Monolithic is a synthpop music project started and maintained by Michael Babbitt.  Its music includes subgenres such as breakbeat, trance, EBM, techno, industrial, and downtempo.  Monolithic's music has been described as "intense", "meaningful", "emotional", and "powerful."

In January 2006, Babbitt announced that he was canceling his then-upcoming Monolithic album Evil Behind Smiling Eyes to focus on other projects.

MIDIhead
Michael (MIDIhead) Babbitt is sole member of Monolithic.  He started his music career at the age of 14 when he went to a Battle of the DJs with a box of cassette tapes. He did poorly at his first performance, coming in last place, but he learned from the experience and later trained under more experienced DJs.  At eighteen he helped a friend start a nightclub called The Ivy Tower which was housed in a former church. In 2000, Babbitt released his first solo album under the moniker of Monolithic. This album won Best Album of 2001 at the American Synthpop awards in Hollywood. His award was presented by former Information Society frontman, Kurt Harland at the famed Hotel Rosevelt Hotel ballroom.

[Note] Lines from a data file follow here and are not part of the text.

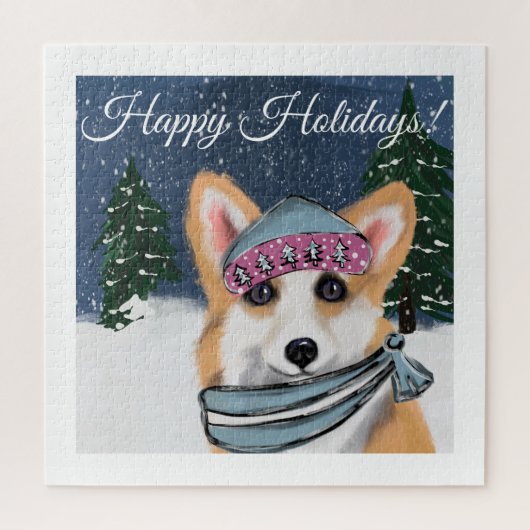 CORGI LEGPUZZEL (Verticaal)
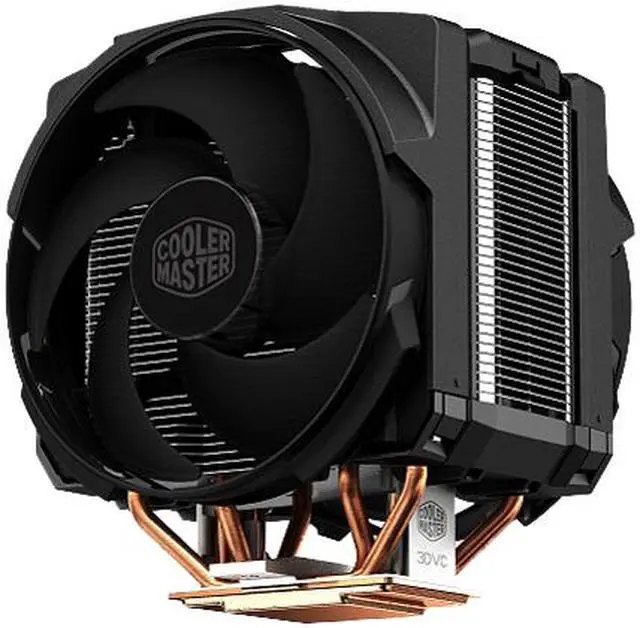 Alt view image 9 of 16 - Cooler Master MasterAir Maker 8 High-end CPU Air Cooler, 3D Vapor Chamber Base, 8 Heatpipes, Aluminum Fins, Dual Silencio FP120 Fans AMD/Intel LGA1200/1151/2066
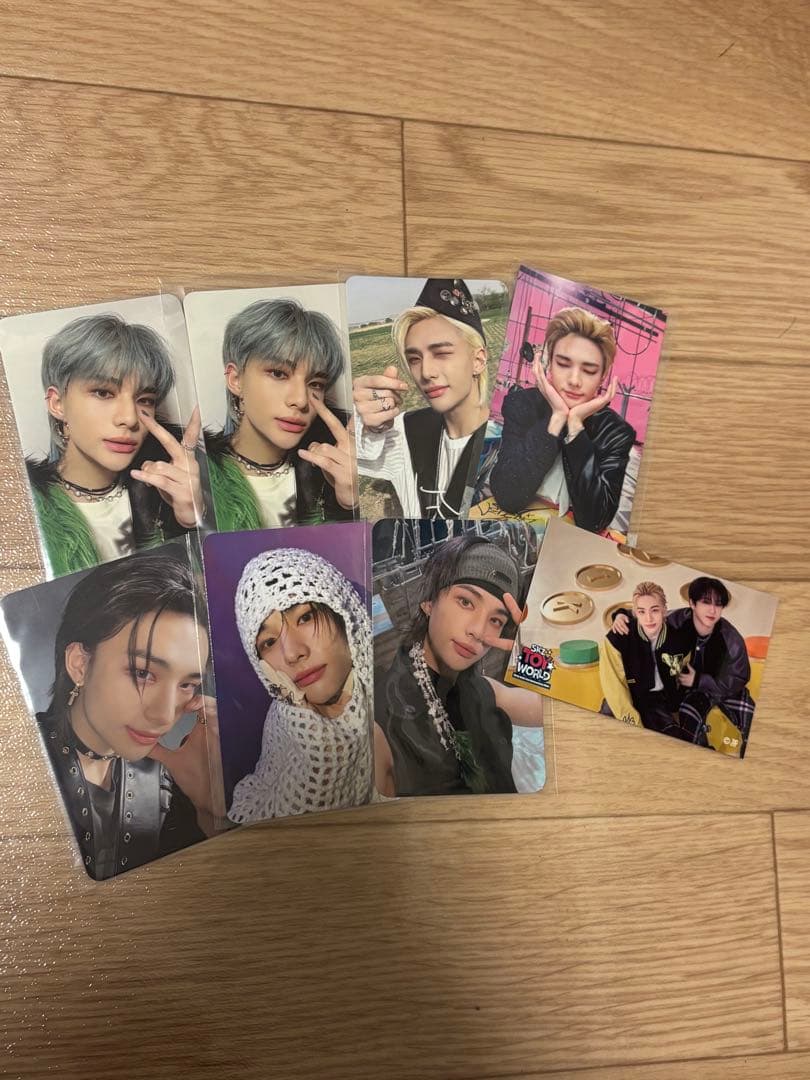 Stray kids ヒョンジントレカまとめ売り - メルカリ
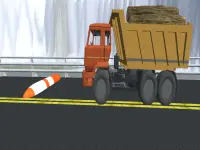 Lonely Wolf Truck Sim Screen Shot 10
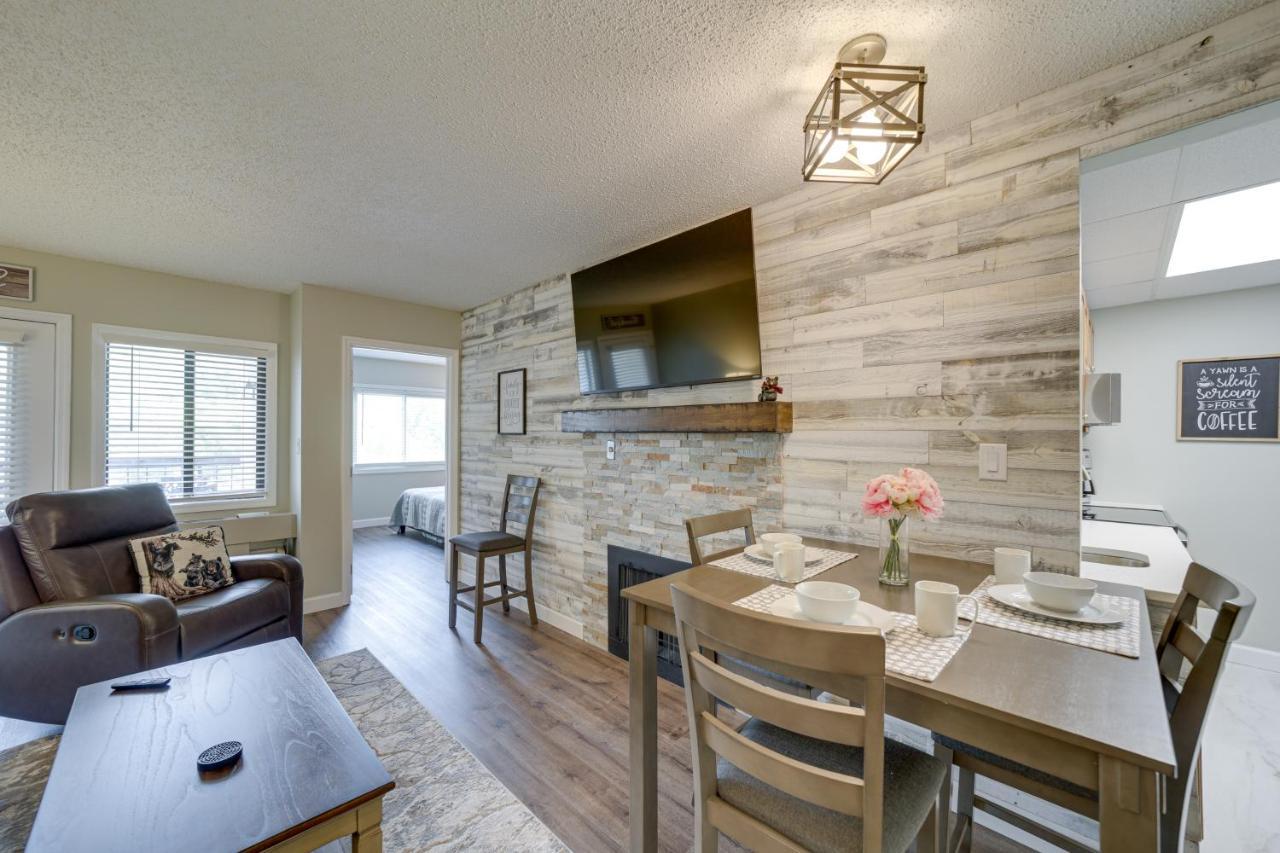 Stylish Gatlinburg Condo With Pool Walk Downtown! Kültér fotó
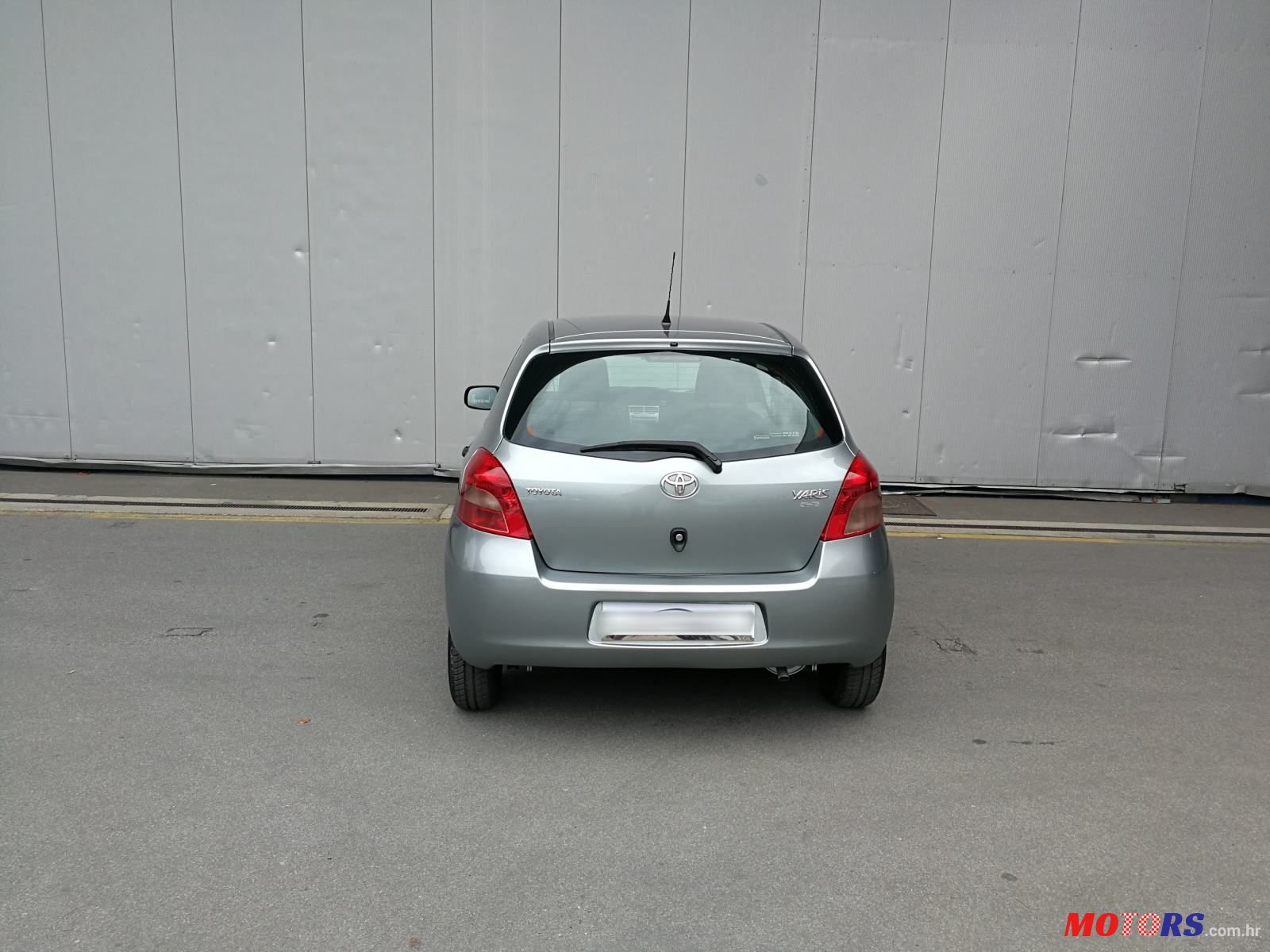 2007' Toyota Yaris 1,0 Vvt-I photo #6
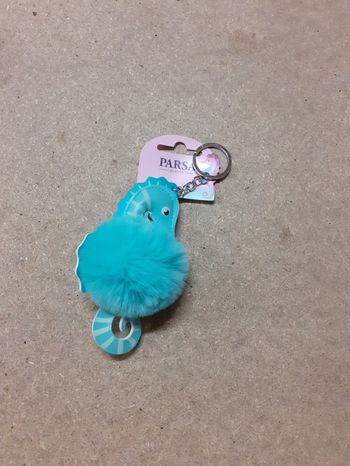 Porte-clés Hippocampe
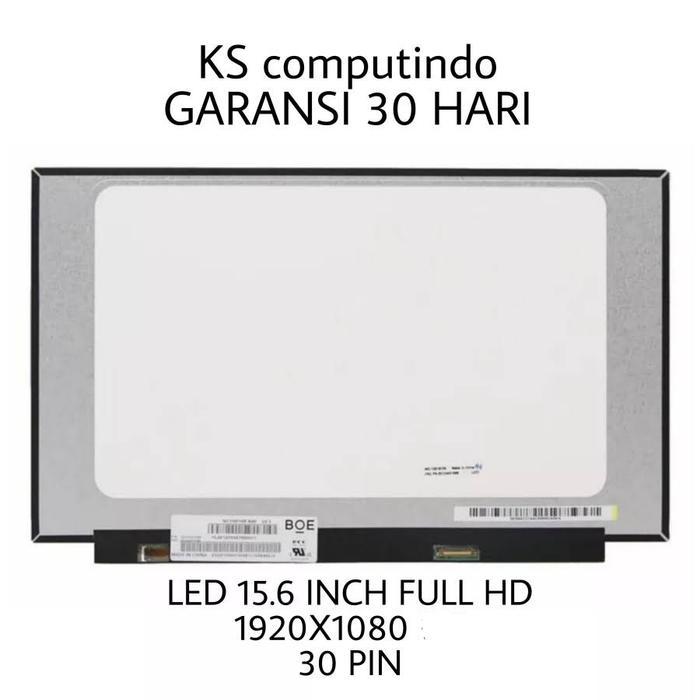 LED LCD LAPTOP 15.6 INCH SLIM 30 PIN FULL HD NO BRACKET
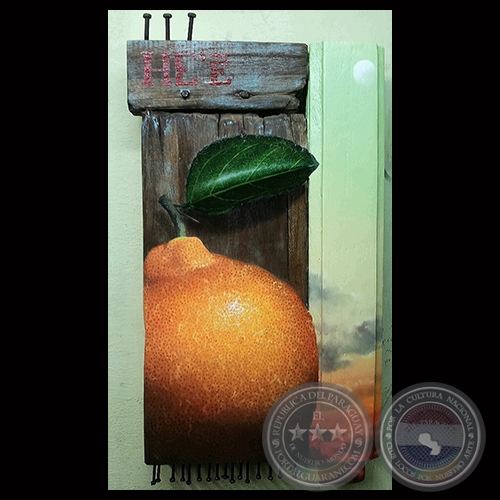 NOSTALGIA EN BODEGONES, 2015 - Óleos de EMMANUEL FRETES ROY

Babbitt has worked on remixes, TV, and motion picture trailers, such as Access Hollywood, MTV, The Matrix Reloaded, Dark Angel, America's Next Top Model, Prison Break, Dexter to name a few, as well as multiple Dance, Dance, Revolution video games.

In addition to writing and producing music, Babbitt also has experience in sound design and has created patch libraries for Spectrasonics Omnisphere, distributed by ILIO.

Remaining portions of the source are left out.